▶ EXERCISE DETAILS: Transcribe each record precisely; images stay out.

▶ DATA EXCERPTS:
=== Section Start ===

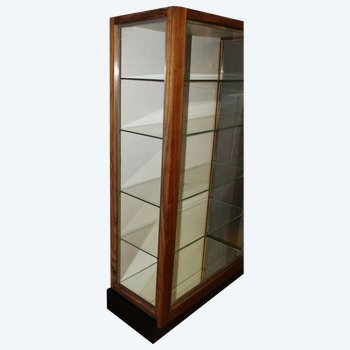 Art Deco period walnut and nickel-plated brass display case circa 1930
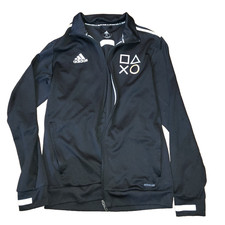 Adidas Playstation Zip Black White 3-Stripes Tricot Track top Jacket Medium men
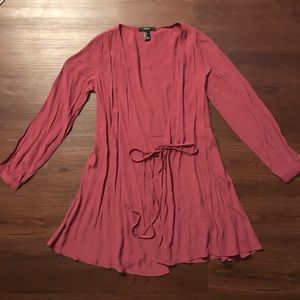 Dark rose Front tie cardigan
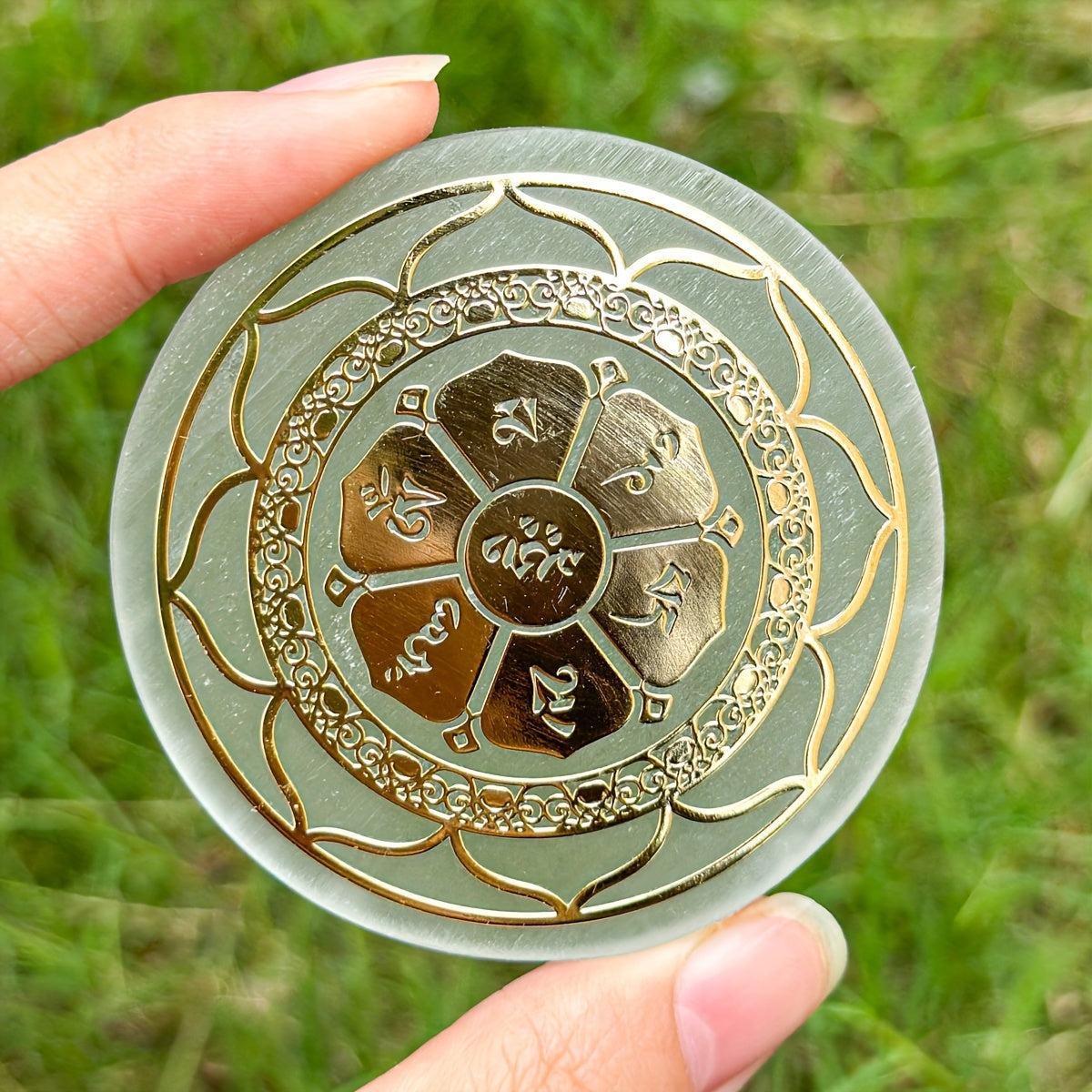1pc Natural Selenite Slice, Irregular Crystal Stone Mixed Style Boho Star Moon Tree Flower Golden Tray Jewelry Accessories Art Craft Desktop Ornaments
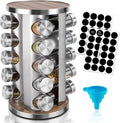 Rotating Spice Rack Organizer with Jars(20Pcs), Seasoning Organizer for Cabinet, Kitchen Spice Racks for Countertop, Revolving Stainless Steel Spice Organizer by dasaka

=== Section End ===

▶ TASK OUTPUT:
 Art Deco period walnut and nickel-plated brass display case circa 1930
 Adidas Playstation Zip Black White 3-Stripes Tricot Track top Jacket Medium men
 Dark rose Front tie cardigan
1pc Natural Selenite Slice, Irregular Crystal Stone Mixed Style Boho Star Moon Tree Flower Golden Tray Jewelry Accessories Art Craft Desktop Ornaments
 Rotating Spice Rack Organizer with Jars(20Pcs), Seasoning Organizer for Cabinet, Kitchen Spice Racks for Countertop, Revolving Stainless Steel Spice Organizer by dasaka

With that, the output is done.